EXERCISE DESCRIPTION:
Your job is to retype the records exactly while dropping every picture.

Short web captions

-.-.-

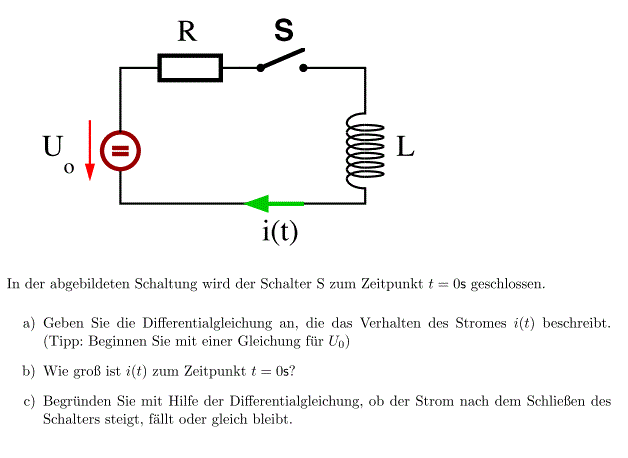 DGL_und i bestimmen.gif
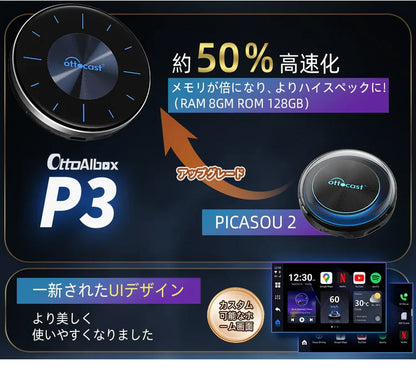 【5%OFF】【正規代理店】オットキャスト ottocast Otto Aibox P3 カープレイ アンドロイドオート carplay AndroidAuto ai box Android 12.0 nanoSIM対応 GPS HDMIポート搭載 バイク picasou3 PCS46(代引不可)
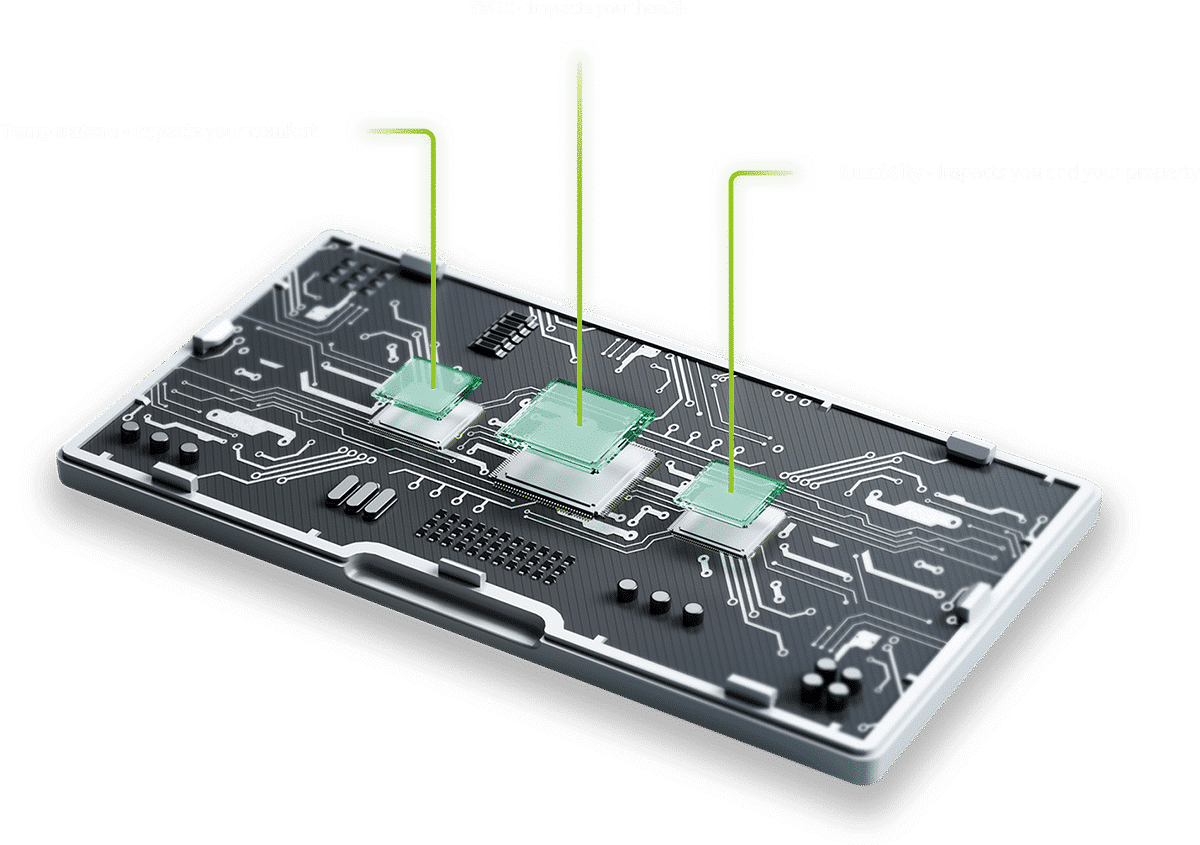 tvoc air quality monitor triple sensor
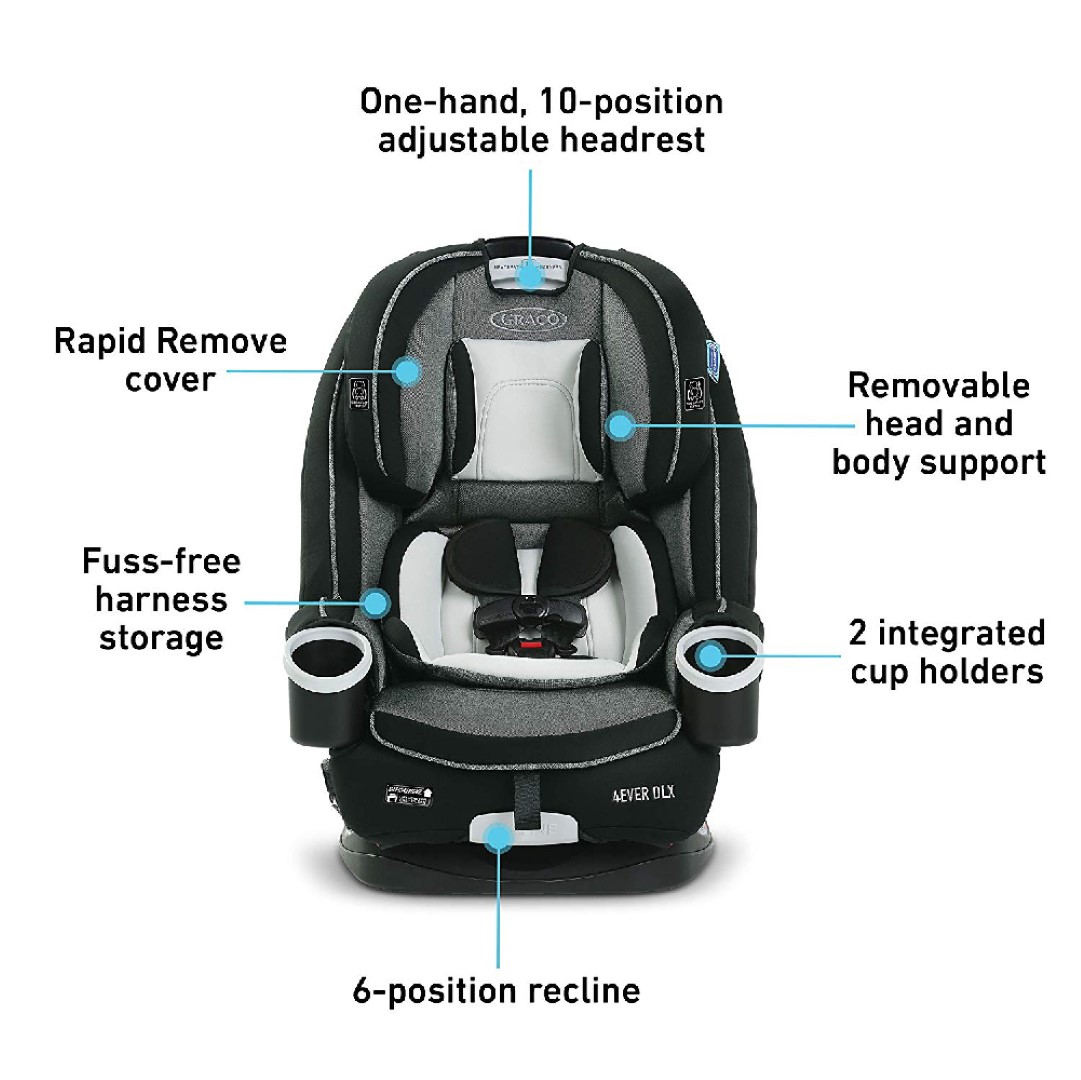 Graco 4Ever Deluxe Car Seat - Fairmont คาร์ซีท - Kiddo Pacific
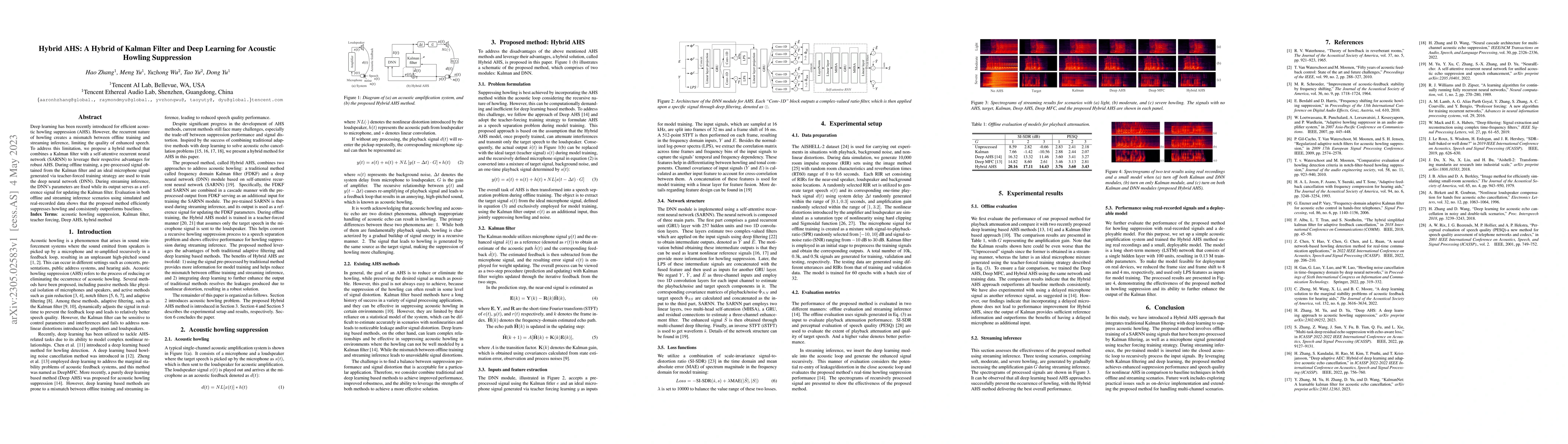 Thumbnail for Hybrid AHS: A Hybrid of Kalman Filter and Deep Learning for Acoustic
  Howling Suppression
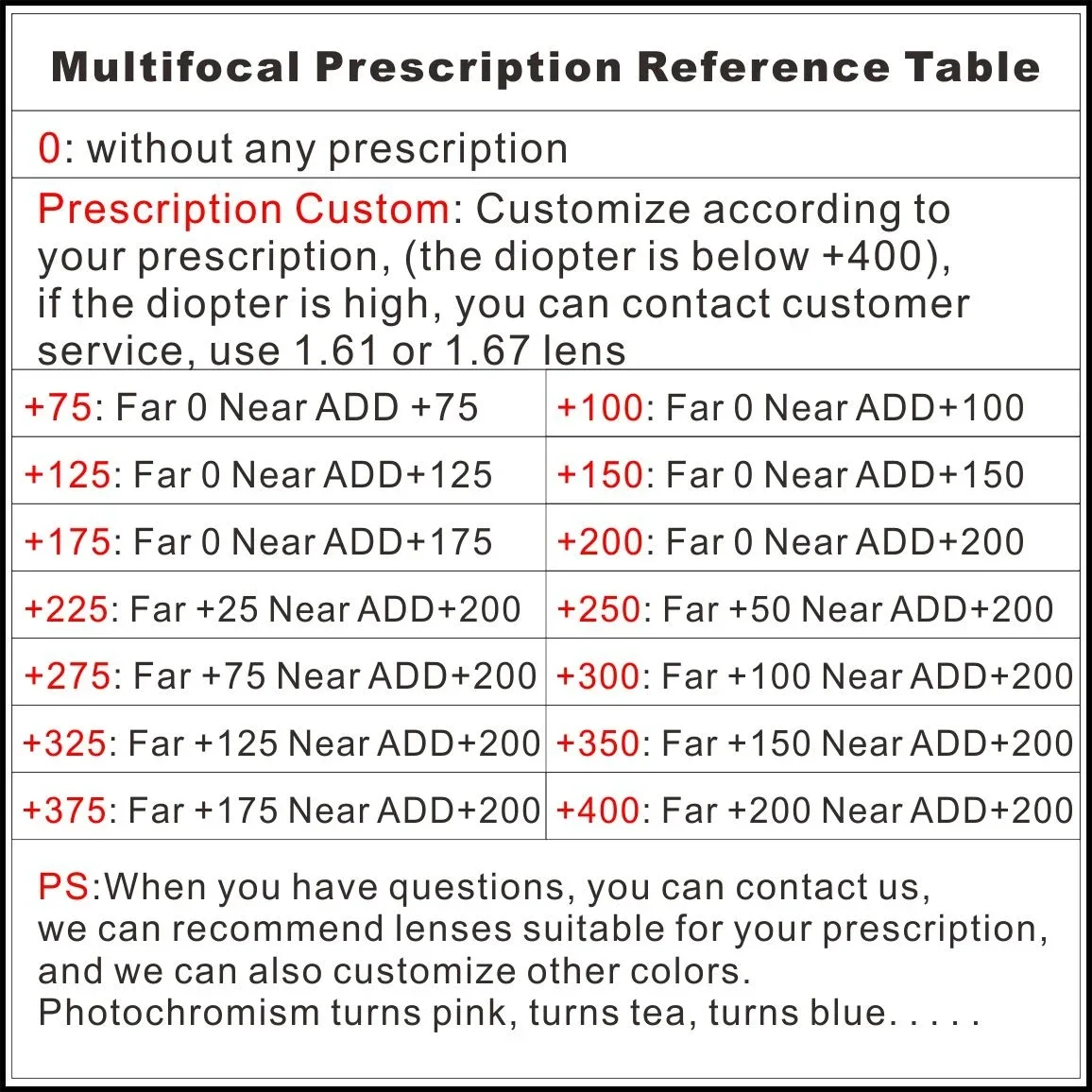 VICKI Ultralight TR Nearsighted Frame Fashion Eyewear Women Can Customize Prescription Multi-focus Glasses B5100J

-.-.-

EXERCISE SOLUTION:
 DGL_und i bestimmen.gif
 【5%OFF】【正規代理店】オットキャスト ottocast Otto Aibox P3 カープレイ アンドロイドオート carplay AndroidAuto ai box Android 12.0 nanoSIM対応 GPS HDMIポート搭載 バイク picasou3 PCS46(代引不可)
 tvoc air quality monitor triple sensor
 Graco 4Ever Deluxe Car Seat - Fairmont คาร์ซีท - Kiddo Pacific
 Thumbnail for Hybrid AHS: A Hybrid of Kalman Filter and Deep Learning for Acoustic
  Howling Suppression
 VICKI Ultralight TR Nearsighted Frame Fashion Eyewear Women Can Customize Prescription Multi-focus Glasses B5100J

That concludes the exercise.